I created a dataset and dropped the Mountain Dew video into Roboflow, which asks what frame rate I'd like to sample. I decided on doing three frames per second, which creates 92 images from the roughly 30-second Super Bowl spot.

Turning video into images for computer vision.
Selecting a three frames per second rate for the commercial.

Having each of the individual frames from the video is independently helpful: it means we can have a closer look at all of the places where the Mountain Dew bottles may be present.

Once we have these images, we need to annotate all of the bottles we can find in each of the scenes. While this is fairly similar to counting all of the bottles manually, remember we might not be perfect in finding all of the bottles with our own eyes. So, hopefully, in teaching a computer vision model what bottles look like and then asking that same model to find bottles for us, we'll see any we may have missed.

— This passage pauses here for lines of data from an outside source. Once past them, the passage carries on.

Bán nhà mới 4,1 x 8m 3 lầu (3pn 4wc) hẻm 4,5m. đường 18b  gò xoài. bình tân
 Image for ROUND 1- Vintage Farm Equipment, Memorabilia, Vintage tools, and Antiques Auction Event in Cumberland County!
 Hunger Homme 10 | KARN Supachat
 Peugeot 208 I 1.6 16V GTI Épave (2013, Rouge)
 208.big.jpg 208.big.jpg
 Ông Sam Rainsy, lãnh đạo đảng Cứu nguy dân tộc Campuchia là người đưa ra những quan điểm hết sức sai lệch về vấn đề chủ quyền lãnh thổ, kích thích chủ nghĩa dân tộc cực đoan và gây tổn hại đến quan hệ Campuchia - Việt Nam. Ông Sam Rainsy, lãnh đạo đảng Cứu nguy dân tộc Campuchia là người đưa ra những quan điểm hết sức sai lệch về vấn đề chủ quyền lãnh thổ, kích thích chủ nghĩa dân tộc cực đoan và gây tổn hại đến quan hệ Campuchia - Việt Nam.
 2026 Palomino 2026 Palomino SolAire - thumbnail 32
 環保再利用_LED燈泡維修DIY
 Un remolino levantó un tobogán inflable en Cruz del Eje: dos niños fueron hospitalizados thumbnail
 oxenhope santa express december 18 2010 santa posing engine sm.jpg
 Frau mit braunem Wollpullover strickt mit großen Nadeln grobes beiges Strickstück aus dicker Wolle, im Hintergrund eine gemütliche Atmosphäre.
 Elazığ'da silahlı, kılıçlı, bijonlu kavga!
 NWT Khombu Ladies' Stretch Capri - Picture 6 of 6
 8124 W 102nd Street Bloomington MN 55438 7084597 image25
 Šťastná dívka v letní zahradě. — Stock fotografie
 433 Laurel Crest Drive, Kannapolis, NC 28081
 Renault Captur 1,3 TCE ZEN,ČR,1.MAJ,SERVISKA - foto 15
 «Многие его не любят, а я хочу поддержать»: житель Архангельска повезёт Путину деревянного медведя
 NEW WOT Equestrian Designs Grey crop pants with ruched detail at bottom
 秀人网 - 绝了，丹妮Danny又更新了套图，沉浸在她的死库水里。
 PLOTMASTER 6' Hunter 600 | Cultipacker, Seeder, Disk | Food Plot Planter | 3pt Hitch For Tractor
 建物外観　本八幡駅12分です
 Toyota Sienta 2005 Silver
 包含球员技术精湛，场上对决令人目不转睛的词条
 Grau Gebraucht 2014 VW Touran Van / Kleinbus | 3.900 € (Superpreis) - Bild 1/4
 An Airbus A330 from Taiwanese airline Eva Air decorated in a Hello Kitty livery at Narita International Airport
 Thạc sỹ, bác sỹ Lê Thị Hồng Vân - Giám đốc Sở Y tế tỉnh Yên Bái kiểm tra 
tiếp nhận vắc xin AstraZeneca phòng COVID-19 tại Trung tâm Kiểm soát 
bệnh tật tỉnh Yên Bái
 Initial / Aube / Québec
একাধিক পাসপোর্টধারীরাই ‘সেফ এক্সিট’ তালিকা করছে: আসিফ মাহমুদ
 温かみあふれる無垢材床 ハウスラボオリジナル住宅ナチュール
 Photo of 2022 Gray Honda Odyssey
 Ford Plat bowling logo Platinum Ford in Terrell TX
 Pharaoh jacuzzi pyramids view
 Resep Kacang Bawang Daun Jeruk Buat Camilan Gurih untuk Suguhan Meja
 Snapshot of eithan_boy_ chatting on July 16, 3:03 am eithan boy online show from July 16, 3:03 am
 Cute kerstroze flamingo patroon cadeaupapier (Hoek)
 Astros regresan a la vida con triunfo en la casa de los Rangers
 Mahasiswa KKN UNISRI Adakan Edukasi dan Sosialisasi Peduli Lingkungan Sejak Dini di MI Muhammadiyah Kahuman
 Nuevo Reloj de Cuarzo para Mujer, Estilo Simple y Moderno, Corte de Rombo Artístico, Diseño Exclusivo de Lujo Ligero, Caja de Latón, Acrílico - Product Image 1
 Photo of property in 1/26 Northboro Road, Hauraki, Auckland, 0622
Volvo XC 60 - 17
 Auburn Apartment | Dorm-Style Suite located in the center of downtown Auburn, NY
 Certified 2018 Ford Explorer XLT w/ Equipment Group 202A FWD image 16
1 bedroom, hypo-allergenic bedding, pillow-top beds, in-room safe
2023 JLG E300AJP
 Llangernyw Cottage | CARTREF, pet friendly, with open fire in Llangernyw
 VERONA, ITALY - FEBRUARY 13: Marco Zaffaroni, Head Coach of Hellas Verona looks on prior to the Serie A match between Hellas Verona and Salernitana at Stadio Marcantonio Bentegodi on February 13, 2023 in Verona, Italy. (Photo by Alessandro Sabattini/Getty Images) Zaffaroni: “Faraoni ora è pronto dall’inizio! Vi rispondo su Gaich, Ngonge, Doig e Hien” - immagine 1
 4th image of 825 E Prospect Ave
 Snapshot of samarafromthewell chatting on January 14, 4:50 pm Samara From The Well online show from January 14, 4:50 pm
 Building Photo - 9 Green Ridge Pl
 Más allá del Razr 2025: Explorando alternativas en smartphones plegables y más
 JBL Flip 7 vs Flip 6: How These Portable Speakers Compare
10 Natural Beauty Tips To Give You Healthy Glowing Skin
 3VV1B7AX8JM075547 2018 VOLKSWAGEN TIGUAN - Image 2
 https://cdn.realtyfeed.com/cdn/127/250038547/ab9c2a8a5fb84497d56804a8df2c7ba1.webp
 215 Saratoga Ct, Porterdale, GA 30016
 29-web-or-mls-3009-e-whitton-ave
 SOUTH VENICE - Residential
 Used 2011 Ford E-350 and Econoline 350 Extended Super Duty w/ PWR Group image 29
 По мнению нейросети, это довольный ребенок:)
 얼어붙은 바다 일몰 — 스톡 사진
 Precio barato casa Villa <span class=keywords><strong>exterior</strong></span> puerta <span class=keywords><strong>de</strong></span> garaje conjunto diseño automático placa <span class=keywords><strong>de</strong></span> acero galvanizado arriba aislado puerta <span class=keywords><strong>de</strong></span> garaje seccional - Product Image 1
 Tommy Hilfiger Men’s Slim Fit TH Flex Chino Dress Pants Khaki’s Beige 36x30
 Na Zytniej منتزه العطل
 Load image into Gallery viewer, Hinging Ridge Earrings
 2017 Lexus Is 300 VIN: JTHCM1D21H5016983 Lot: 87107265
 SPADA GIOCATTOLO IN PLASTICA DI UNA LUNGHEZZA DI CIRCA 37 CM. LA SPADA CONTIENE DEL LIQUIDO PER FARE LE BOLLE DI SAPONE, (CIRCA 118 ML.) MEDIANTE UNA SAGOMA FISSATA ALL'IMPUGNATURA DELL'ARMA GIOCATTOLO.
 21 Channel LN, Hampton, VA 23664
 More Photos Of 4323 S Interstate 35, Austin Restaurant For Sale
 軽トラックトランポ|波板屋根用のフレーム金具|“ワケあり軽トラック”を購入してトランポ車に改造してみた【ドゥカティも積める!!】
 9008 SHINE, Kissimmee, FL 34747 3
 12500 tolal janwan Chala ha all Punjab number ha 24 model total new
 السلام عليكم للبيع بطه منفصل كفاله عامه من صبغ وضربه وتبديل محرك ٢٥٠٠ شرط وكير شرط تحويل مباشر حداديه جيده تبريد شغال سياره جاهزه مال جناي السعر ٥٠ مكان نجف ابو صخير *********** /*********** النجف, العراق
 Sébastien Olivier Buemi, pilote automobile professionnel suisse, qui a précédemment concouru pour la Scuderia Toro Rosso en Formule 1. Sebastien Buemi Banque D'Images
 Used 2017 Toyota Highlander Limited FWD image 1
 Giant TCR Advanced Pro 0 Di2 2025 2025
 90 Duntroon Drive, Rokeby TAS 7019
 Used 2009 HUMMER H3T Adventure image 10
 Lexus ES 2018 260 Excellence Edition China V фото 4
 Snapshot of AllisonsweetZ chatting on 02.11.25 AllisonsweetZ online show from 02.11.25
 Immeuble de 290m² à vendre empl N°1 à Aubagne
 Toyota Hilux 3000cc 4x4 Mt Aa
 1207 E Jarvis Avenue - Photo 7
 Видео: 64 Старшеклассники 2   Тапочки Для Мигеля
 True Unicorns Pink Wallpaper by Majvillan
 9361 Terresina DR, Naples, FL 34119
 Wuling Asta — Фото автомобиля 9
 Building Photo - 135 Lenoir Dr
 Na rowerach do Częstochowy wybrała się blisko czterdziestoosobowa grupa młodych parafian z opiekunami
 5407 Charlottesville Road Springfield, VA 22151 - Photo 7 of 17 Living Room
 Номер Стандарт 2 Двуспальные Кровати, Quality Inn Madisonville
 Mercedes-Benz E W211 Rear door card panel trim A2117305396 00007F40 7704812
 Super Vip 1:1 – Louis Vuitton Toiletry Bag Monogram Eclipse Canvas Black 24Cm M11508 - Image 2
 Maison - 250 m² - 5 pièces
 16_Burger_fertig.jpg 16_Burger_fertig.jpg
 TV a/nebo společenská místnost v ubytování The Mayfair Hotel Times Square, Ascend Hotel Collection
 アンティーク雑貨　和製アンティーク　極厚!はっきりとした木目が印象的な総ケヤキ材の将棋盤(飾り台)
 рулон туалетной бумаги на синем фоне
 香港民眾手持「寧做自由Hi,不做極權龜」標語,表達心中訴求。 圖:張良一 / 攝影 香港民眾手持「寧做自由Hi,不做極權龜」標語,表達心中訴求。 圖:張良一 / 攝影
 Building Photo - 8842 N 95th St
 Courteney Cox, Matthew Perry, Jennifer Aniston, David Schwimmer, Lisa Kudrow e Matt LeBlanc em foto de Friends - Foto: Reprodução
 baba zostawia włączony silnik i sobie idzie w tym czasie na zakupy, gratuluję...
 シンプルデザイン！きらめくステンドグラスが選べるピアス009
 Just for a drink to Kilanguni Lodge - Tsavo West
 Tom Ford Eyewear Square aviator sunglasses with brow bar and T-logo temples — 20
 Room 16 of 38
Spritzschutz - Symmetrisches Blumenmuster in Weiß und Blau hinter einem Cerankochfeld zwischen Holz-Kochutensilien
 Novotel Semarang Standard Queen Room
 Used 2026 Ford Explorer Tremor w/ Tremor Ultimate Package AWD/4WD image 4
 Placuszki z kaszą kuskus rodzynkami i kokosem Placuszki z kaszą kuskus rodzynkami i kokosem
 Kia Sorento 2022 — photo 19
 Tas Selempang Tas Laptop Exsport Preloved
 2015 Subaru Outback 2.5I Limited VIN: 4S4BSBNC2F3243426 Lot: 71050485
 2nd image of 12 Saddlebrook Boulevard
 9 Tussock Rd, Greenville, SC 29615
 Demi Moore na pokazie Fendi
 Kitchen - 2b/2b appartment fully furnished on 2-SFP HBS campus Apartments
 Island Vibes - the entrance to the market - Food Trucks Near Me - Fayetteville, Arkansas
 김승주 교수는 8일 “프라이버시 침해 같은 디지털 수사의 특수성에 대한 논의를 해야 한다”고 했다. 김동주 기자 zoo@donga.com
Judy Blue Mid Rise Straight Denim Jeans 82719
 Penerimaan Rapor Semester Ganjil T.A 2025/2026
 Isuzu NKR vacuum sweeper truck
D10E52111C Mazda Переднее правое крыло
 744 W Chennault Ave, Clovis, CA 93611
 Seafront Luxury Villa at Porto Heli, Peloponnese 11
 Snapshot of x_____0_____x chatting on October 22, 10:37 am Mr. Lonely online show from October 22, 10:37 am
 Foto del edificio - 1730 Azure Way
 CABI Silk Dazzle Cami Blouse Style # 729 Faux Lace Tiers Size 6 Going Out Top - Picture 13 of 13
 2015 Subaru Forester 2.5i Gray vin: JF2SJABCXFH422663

Labeling bottles for computer vision
Annotating all of the Mountain Dew bottles in each of our images.

After labeling (and deleting one completely black image from the vid), we have 869 annotations across 91 images. We've open sourced this final Mountain Dew bottles image dataset:

Mountain Dew Commercial Object Detection Dataset
# Overview ## Mountain Dew is running a $1,000,000 counting contest. Computer Vision can help you win.:fa-spacer: ### Watch [our video](https://youtu.be/jqVKdMjPXHA) explaining how to use this dataset. ![Mountain Dew](https://i.imgur.com/ED4jpM3.png…

Training an Object Detection Model

Once we have our images collected and labeled, we can train a model to find bottles for us. Before training, however, we can use image augmentation to increase the size of our training dataset.

By applying random distortions like brightness changes, perspective changes, flips, and more, we can increase the volume and variability of our training dataset so that our model has more examples to learn from.

We then made use of Roboflow Train, which gives us the option to one-click have a trained model available. Critically, when starting model training, we can start from a previous model checkpoint. This transfer learning will accelerate model training and improve model accuracy. For this dataset, starting training from the COCO Dataset (a dataset of "Common Objects in Context") will give the model a healthy head start.

Roboflow Train results
The results of our model training. 89.5% mean average precision. Not bad!

Using Our Model

Once the model finishes training, we have an API we can call to perform detections on our original video. With a little shell scripting, we can passthrough the original commercial video frame-by-frame and reconstruct the result with the bounding boxes present.

The result? See for yourself:

A full video walkthrough of our process. The resulting video is available at the 12:53 mark.

Good luck! We hope you win that $1 million.